Okay, what brought on this latest rant? I just read a piece in Salon about the travails of a midlist author. The anonymous writer seems like somebody who should be able to make a living at what she does from the facts that she presents (editor comments, reader comments, awards etc.) Her books seem to always grab an editor, agent or a publisher which is notoriously difficult. Her readers seem to be dedicated - but she just doesn't have enough of them - always in the low ten thousands. She doesn't make back her advances, which puts her in a negative feedback loop where the publishers won't market her, which leads to worse sales leading to not making back even the lower advance etc. She seems to be doing all the right things, but she is not getting anywhere and may stop writing.

You probably know where I put the blame - the winner-take-all star culture. Now, every author should not be guaranteed of everything that they want. But how do we foster growth of our culture if talented but not breakout or celebrity authors cannot make a living? Or to look at it another way - from the reader's perspective. I would love to be able to find quirky first novels or midcareer novels of somebody I hadn't heard of before or local authors if there was a way to find out about them. I subscribe to about 5 periodicals that carry book reviews. The overlap between them is about 100%. In other words, the same books are reviewed in all of them. It is nearly impossible for me to find out about the other 99% of the books out there that I would love to read. I have thought of subscribing to the Library Journal or Kirkus Reviews just so I can read blurbs about likely novels that will not receive any other press.

So isn't the point of the efficient marketplace that sellers can hook up with buyers that want what they have? I mean it works for commodities - hence the WalMarts. But the market does exist for the non-stars! When given a chance, the Salon midlist author sold respectably. And I really doubt the difference between Dan Brown's tax return (#7 on the NY Times list) and the midlist writer in Salon is in pure quality. No, it has more to with marketing budgets, product placement in Barnes and Noble, blah-blah-blah. I feel like starting a website of reviews for unpublicized, neglected books, because that is what I would like to see and one way to get what you want is do it yourself.
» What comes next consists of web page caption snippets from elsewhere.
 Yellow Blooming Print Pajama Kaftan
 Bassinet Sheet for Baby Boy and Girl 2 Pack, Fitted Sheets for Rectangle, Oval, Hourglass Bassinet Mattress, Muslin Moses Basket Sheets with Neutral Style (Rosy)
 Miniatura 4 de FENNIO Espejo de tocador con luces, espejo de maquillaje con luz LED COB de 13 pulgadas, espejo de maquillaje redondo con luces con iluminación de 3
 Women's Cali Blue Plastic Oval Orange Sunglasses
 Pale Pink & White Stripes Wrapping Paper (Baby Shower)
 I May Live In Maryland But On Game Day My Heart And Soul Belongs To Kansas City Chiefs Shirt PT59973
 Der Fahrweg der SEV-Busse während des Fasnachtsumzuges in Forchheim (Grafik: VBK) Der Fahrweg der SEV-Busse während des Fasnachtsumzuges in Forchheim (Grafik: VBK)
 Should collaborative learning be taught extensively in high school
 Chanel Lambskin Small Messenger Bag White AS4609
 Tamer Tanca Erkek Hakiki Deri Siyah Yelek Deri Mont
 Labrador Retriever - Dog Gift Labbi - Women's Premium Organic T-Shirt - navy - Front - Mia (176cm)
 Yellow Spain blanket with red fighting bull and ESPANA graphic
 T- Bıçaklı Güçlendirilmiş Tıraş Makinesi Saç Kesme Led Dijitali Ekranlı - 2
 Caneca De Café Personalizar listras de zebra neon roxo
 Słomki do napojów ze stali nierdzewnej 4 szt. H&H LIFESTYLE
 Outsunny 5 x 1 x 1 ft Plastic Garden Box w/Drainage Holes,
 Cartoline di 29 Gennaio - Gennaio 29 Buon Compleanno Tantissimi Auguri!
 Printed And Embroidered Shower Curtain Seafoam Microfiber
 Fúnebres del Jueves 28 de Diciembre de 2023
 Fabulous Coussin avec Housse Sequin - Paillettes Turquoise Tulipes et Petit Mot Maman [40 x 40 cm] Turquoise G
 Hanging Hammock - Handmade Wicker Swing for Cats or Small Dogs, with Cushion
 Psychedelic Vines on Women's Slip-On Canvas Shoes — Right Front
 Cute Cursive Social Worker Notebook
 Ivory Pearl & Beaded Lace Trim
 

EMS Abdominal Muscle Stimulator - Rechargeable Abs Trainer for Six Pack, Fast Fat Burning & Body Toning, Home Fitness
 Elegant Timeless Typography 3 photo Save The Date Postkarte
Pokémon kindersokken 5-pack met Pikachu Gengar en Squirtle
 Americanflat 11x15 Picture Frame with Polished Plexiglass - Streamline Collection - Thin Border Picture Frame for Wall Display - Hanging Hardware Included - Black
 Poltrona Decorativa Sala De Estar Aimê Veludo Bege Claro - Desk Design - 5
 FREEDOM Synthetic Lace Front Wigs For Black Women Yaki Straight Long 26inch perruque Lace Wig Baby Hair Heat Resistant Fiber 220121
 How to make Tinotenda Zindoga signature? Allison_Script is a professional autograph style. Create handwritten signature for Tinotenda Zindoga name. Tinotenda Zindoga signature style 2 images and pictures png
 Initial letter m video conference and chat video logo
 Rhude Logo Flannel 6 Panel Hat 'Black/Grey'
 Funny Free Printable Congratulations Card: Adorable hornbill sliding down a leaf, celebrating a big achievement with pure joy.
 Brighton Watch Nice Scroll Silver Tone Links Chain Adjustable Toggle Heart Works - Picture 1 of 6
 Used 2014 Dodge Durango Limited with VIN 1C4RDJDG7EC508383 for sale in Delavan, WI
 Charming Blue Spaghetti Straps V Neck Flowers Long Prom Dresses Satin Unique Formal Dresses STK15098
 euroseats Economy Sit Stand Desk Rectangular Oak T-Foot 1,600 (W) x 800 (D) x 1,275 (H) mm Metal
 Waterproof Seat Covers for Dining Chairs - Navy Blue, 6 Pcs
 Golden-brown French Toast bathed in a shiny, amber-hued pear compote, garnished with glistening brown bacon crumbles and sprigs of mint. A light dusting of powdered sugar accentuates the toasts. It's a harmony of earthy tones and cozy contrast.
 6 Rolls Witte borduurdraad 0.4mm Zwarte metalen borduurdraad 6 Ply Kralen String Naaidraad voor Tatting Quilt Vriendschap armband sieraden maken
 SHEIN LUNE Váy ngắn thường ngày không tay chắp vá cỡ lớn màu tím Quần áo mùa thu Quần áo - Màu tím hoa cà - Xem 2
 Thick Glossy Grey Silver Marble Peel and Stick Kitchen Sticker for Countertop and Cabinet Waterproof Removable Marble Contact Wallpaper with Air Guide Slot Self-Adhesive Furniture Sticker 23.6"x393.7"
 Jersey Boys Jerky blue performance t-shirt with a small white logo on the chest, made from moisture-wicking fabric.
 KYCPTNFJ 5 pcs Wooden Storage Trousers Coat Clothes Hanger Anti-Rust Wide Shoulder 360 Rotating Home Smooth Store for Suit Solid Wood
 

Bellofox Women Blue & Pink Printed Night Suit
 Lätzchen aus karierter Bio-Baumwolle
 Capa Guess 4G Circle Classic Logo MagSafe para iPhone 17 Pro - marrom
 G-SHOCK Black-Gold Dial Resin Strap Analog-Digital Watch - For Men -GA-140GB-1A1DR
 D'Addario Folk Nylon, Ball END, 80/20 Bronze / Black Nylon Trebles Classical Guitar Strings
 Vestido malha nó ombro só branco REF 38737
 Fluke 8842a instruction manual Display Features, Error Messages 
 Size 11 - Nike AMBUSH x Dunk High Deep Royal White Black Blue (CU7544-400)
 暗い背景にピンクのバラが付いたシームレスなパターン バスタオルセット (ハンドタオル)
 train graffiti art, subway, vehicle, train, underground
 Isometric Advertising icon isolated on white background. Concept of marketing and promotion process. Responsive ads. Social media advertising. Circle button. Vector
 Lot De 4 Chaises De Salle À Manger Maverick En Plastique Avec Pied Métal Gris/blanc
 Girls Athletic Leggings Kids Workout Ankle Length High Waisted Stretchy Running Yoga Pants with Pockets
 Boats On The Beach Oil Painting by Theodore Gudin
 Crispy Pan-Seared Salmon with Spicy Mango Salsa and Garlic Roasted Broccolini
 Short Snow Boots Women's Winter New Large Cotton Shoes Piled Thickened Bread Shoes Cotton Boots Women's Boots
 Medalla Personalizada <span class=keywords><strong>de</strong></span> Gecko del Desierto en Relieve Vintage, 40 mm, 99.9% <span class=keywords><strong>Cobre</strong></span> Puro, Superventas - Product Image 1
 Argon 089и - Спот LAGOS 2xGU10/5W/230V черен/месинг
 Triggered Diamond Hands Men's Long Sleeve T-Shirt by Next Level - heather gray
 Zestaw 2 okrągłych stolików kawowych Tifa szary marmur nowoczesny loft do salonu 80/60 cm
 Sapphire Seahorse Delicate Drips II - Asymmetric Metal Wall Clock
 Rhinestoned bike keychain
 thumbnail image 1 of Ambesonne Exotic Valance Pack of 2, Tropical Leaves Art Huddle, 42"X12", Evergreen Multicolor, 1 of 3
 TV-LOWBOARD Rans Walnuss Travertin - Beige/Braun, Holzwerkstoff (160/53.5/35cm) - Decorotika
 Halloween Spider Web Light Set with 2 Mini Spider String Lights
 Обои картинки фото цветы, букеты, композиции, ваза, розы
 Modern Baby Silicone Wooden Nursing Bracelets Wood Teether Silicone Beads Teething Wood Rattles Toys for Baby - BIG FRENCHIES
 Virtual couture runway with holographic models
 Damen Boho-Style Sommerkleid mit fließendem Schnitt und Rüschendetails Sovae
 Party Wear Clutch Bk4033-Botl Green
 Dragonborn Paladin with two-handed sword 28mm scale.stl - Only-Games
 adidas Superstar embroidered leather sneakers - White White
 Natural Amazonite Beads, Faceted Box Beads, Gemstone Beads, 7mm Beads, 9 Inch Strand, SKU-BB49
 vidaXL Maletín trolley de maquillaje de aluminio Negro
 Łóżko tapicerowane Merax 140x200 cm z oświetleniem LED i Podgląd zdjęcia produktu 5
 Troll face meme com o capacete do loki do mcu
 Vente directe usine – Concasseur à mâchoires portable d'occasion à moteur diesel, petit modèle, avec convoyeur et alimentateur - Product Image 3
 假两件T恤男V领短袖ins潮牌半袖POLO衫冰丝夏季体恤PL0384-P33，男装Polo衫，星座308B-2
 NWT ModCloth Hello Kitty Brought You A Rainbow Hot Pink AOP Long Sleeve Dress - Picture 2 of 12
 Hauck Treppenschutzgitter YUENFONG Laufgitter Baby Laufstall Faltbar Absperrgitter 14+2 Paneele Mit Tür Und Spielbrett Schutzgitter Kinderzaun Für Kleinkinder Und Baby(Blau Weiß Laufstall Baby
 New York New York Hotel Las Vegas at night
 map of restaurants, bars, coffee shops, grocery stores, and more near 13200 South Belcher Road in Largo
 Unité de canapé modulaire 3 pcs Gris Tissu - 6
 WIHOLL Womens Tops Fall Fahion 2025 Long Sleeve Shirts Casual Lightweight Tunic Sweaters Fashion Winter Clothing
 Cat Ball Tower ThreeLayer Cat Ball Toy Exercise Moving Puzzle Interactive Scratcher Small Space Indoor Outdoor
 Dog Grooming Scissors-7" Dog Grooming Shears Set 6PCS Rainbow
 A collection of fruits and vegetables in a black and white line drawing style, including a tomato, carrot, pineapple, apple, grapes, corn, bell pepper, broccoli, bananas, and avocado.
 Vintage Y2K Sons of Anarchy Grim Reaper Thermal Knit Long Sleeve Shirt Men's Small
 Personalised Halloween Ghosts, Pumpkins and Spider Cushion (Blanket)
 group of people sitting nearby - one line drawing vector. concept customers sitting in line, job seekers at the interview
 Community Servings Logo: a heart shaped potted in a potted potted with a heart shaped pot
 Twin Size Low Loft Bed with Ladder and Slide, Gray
P.S. After writing the above, I read the companion story in Salon where she gives five steps on how to reverse the trend (and proved her worth of a writer by saying in one sentence what took me far too many words: "If you're outraged because you'd rather live in a world of farmer's markets and local bookstores than a world of Wal-Marts and Bland & Ignoble superstores, here are a few things you can do."). The main thing is to frequent your local independent bookstore. Which I will do. I am going to go to Fremont Place Books and ask them for a recommendation on a new, little publicized new novel. I'll blog what I come up with. And my violinist neighbor is performing this Wednesday, and I am going to put my local preachiness in practice.